ABD’nin içinde paralel devlet mi var?
Türkiye, 15 Temmuz 2016 tarihinde 249 kişinin ölümüne, 2193 kişinin yaralanmasına yol açan, demokrasisini ve özgürlüklerini hedef alan hain darbe girişiminin bütün suçlularını tespit edip...
Türkiye, 15 Temmuz 2016 tarihinde 249 kişinin ölümüne, 2193 kişinin yaralanmasına yol açan, demokrasisini ve özgürlüklerini hedef alan hain darbe girişiminin bütün suçlularını tespit edip yargılıyor.

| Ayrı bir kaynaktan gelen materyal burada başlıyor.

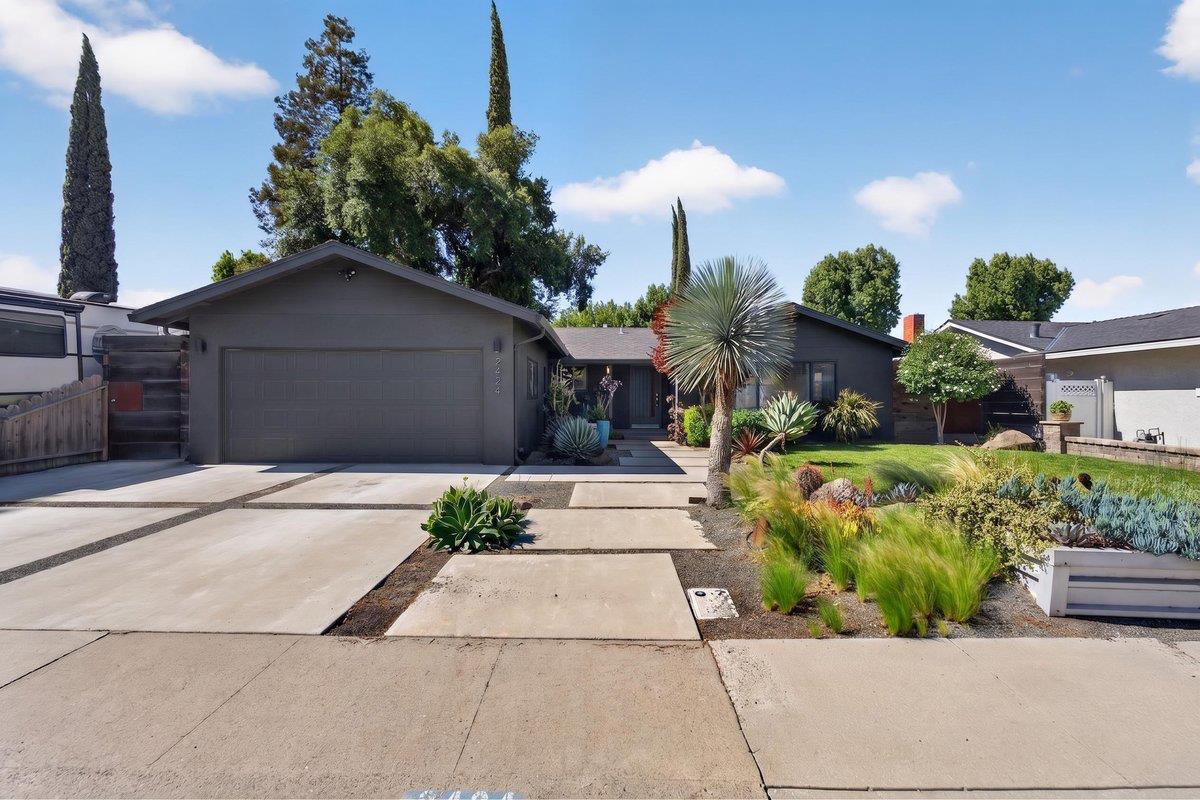 2424 Killarney Way Modesto, CA 95355 - Photo 28 of 30 a front view of a house with a garden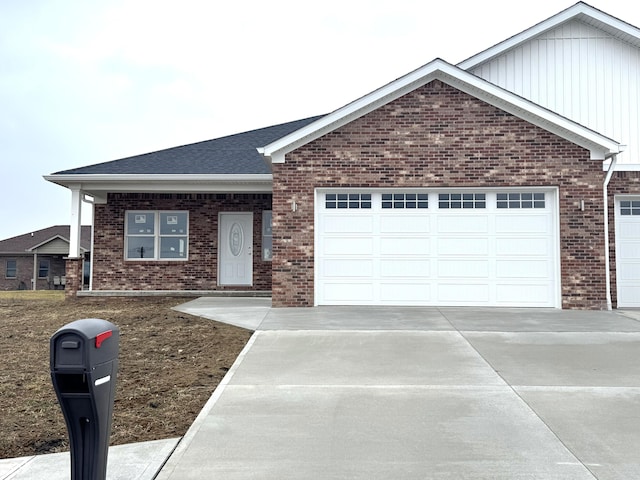 ranch-style house featuring a garage, brick siding, driveway, and roof with shingles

İlk bakışta buna son derece doğal bir hakkı olduğunu herkesin kabul etmesi, saygı duyması lazım. Dostların bu süreçte Türkiye yargısına yardımcı olması, yanında durması, desteklemesi lazım.
Türkiye’ye dost değillerse bile demokrasiden yana olduklarını söyleyenlerin de biraz dürüstlerse bu konuda en azından Türkiye’nin kararına, yürütmekte olduğu darbecilerle, teröristlerle ve terörle mücadelesine yardımcı olması lazım.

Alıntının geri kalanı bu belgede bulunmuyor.